Einige Beispiele von Modelliering komplexer Systeme sind:

Modelle für die elementare Struktur der Materie
Auf Grund vieler Untersuchungen an Atomen, Atomkernen, und subatomaren Teilchen ist die Idee der Elementarteilchen entstanden. Die Wechselwirkungen dieser Teilchen mit Hilfe der `Botschafterteilchen' kann mathematisch modelliert werden. Einzelheiten sind bei Teilchenphysik (Physik des Monats) gegeben.

Modelle für Atome und Spektren
Das Bohrsche Atommodell beschreibt die Bewegung der Elektronen um den Atomkern mit Hilfe von Pendelfunktionen (siehe Atomphysik). Eine deutliche Verbesserung brachte die Quantenmechanik. Die vielen Möglichkeiten die Atome in Gasen haben Licht zu absorbieren, liefern komplizierte Spektren, die auch modelliert werden können.
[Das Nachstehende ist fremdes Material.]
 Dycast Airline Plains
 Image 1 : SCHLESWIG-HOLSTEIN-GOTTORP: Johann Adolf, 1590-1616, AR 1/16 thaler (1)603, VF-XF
Modelle für Sterne und für Sternentwicklung
Sterne sind gravitativ gebundene Gaskugeln die durch inneren Druck (Dichte und Temperatur) zu stabilen Kugeln werden. Im Sterninnern laufen Kernfusionsprozesse ab, die die Energie (E = m c2, eine lineare Relation mit c2 nur eine Proportionalitätskonstante; siehe auch Kernphysik) zur Aufrechterhaltung der inneren Druck liefern, eine Energie die schliesslich als Strahlung an der Oberfläche des Sterns weggestrahlt wird. Die Struktur der Sterne kann gut modelliert werden, was zu besserem Verständnis der Entwicklung der Sterne führt.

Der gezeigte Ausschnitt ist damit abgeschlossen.